Michael Caine's latest film, the "urban western," Harry Brown (there's Michael on your left) is released today. In it, ex-marine Harry, played by Caine (still there on your left), unleashes his own brand of vigilante street justice after a gang of thugs murder his best mate.

But what are the rules around street justice? When can you legitimately lay down the smackdown? We asked a hot-shot criminal solicitor who gave us the low-down.

But before you start throwing down with every slack-jawed rude-boy who tries to murk you, you should first know, that the best policy for any altercation that looks to be getting physical, is to high tail it, run for the hills, make like a shepherd and get the flock outta there.

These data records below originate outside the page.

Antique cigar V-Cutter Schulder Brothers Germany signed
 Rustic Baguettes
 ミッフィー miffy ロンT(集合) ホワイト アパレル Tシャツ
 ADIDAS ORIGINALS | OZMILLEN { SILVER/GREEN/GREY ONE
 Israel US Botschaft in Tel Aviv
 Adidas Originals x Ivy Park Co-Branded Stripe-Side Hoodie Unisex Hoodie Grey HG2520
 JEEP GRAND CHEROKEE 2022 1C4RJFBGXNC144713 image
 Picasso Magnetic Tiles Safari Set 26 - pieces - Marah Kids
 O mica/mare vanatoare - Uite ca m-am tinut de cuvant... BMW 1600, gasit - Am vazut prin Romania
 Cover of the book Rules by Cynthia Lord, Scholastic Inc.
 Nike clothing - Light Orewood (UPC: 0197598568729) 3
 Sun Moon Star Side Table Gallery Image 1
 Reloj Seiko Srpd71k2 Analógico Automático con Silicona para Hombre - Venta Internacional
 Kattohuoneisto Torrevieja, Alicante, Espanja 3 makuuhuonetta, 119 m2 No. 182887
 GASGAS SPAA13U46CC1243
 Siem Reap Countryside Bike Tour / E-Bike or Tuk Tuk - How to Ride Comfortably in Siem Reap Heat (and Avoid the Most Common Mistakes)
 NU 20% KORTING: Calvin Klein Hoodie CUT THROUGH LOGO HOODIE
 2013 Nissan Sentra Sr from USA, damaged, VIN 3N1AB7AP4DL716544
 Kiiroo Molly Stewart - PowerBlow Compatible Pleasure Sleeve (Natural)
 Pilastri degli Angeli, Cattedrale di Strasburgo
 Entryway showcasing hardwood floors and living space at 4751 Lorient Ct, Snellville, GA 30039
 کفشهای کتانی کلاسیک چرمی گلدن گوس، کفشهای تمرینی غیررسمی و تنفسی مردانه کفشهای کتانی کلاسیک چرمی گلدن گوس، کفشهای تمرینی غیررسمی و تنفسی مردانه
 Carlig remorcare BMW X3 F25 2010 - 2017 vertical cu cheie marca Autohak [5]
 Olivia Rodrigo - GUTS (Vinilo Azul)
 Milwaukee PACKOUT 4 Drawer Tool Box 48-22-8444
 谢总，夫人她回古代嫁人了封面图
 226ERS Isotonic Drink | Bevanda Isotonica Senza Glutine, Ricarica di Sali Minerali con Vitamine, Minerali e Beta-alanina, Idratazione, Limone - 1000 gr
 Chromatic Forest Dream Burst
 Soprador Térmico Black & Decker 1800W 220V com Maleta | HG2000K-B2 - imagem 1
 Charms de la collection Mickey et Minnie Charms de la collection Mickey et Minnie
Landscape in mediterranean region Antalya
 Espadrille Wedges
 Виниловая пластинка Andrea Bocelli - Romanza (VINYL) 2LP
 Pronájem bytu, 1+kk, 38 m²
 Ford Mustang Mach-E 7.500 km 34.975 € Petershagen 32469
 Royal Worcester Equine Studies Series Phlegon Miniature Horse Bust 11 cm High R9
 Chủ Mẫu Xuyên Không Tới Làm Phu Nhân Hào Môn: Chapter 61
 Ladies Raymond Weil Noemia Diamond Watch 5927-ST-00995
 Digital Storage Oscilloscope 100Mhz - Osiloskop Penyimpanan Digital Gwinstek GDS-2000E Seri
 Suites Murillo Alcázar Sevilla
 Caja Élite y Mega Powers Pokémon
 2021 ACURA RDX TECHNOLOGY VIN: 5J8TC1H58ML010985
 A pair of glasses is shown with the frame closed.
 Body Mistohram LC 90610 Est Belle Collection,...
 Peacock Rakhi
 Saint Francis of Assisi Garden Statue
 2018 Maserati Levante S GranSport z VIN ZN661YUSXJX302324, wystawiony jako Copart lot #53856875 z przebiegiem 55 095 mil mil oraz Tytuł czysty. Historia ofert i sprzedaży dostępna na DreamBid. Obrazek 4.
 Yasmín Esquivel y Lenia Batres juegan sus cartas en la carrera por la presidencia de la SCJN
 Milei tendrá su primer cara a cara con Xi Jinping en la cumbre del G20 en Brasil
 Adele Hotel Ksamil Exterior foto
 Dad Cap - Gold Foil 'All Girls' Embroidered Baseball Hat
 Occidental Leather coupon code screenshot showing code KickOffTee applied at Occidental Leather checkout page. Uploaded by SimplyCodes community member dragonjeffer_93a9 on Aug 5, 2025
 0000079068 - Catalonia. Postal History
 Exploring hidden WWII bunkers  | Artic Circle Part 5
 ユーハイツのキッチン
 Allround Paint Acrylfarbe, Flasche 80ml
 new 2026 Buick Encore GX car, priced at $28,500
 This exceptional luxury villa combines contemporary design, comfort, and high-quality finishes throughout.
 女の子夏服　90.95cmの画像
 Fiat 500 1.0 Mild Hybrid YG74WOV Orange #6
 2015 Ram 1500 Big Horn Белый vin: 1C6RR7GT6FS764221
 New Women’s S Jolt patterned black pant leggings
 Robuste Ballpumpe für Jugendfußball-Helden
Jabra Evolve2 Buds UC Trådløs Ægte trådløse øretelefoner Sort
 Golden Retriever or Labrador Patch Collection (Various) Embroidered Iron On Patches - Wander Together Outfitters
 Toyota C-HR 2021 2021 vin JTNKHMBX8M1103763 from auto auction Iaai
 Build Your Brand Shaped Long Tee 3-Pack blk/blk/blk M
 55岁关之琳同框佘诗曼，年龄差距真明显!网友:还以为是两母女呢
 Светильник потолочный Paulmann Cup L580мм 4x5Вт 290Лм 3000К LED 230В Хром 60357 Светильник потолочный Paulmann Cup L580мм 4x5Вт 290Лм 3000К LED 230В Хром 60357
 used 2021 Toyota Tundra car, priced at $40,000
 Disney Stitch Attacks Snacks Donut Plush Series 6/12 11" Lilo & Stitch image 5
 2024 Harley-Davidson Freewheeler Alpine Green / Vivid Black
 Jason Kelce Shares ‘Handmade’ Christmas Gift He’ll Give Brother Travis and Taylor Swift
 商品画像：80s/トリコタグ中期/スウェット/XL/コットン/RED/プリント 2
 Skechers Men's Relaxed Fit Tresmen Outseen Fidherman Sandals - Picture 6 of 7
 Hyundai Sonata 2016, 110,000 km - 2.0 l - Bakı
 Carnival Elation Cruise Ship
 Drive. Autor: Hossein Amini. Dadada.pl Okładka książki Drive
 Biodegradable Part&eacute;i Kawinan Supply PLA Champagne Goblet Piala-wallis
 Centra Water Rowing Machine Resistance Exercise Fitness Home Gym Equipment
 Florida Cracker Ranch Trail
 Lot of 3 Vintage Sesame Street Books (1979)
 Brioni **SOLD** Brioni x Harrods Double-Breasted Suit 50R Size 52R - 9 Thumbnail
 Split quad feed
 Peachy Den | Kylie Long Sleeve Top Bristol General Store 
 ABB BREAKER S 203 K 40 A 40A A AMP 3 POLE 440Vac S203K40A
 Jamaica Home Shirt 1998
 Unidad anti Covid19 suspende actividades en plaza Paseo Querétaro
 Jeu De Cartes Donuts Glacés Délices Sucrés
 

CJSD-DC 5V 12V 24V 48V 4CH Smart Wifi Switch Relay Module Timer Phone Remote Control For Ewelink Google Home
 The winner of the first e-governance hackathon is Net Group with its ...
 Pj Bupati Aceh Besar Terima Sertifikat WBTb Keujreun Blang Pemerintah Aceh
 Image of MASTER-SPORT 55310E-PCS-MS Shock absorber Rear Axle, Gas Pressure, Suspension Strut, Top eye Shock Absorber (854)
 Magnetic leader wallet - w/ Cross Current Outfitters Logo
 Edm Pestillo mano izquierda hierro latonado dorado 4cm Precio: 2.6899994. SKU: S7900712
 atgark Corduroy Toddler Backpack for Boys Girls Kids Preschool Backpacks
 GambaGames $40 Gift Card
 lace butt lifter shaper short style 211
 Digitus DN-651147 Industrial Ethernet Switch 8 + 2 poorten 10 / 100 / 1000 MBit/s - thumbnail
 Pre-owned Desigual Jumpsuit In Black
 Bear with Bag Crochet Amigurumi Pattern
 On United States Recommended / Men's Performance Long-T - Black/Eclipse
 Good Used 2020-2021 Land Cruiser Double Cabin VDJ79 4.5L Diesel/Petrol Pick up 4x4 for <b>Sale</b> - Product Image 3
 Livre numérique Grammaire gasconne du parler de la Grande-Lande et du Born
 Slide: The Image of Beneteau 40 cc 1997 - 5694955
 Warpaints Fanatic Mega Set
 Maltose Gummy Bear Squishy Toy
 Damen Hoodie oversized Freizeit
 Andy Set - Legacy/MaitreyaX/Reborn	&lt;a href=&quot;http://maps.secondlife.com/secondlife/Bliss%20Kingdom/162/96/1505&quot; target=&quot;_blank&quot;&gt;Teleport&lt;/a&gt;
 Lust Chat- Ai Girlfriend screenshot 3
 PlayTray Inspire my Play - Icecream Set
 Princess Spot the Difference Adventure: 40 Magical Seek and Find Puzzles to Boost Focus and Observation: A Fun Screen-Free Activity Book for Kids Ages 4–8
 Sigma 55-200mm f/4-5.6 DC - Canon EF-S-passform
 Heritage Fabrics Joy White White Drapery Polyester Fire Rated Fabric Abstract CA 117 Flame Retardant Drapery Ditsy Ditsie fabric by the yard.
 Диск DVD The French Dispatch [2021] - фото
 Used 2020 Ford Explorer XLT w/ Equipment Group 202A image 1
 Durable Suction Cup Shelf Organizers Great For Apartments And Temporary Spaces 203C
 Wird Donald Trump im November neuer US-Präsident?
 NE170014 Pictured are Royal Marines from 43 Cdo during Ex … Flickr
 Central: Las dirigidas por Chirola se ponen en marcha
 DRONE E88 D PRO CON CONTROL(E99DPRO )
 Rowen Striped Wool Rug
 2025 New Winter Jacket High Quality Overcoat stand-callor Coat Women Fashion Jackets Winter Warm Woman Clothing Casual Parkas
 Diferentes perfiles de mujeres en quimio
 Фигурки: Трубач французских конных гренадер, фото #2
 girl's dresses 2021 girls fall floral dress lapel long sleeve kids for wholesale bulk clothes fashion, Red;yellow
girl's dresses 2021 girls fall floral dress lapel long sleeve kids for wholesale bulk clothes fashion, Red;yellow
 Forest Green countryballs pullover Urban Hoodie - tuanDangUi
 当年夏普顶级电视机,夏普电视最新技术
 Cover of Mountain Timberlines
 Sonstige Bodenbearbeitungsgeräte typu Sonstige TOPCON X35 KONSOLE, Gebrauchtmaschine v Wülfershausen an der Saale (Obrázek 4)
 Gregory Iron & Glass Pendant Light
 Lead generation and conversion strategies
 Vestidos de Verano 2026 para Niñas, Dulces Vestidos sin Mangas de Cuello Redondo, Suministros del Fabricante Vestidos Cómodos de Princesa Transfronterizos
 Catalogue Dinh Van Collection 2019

It's not cowardice - it's strong survival instincts. Physically, legally, tactically, it's always the best course of action. So don't use this as legal support for your wrong-doings. It won't work. Oh and if you're living outside Great Britain then this isn't even a loose guide. It's worthless. Like your shoes.

Read it after the jump.

1. Burglars are in your house! And they're not playing Daft Punk - they're stealing all your stuff.

The current Minister for Justice (yeah we have a Minister for Justice - who thinks he should wear this?) Jack Straw, unveiled legislation in 2007 that would be "aimed at ensuring that those who seek to protect themselves, their loved ones and their homes as well as other citizens have confidence that the law is on their side," as long as the force they use is proportional.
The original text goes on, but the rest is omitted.